「政治」に屈したモディ政権の農業改革 零細農民の声は届いたのか
2021年12月10日
猛反発したMSPの既得権益層
農産物流通の自由化・合理化を目指す新農業法は、農産物流通促進法など3つの新法からなる。これによって、これまで「マンディ」と呼ばれる地元の公設市場への農産物販売を事実上義務付けられていた農民は、州外の市場やスーパー、商社などの民間企業に自由に作物を出荷できるようになるはずだった。農民の無知につけ込んで作物を買いたたく悪質仲買人を排除し、食品メーカーなどとの契約栽培を促進するなど、多くのメリットが期待されていた。

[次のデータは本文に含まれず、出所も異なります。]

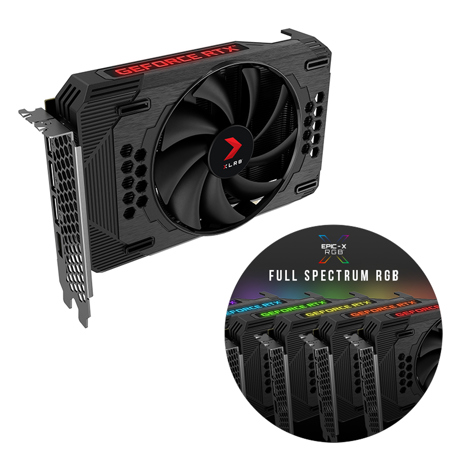 PNY Technologies GeForce RTX 3060 12GB XLR8 Gaming RGB Graphics Card, Single Fan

だが、パンジャブ州やデリー郊外・ハリヤナ州などの比較的大規模かつ裕福な農民らは、これに真っ向から反対。デリー・ハリヤナ州境などで座り込みを展開し、警官隊との衝突で数十人の死者を出すなど深刻な対立に発展した。
抗議行動に参加していた農民の多くは、最低支持価格(MSP)による政府の農産物買い上げ制度の恩恵を受けてきた「既得権益層」だ。政府は MSPは廃止しないと説明したが、これを全く信用しない農民らには疑心暗鬼が広がり、彼らの行動を先鋭化させた。
ビジネスライン紙によると2017年度、政府はMSP制度が最もよく機能している北・中部5州(パンジャブ、ウッタルプラデシュ、ハリヤナ、マドヤプラデシュ、ラジャスタン)から約3080万トンの小麦を買い上げたが、これは国全体の調達量の99%以上。コメの買い上げ量も、この5州で全体の40%以上を占めた。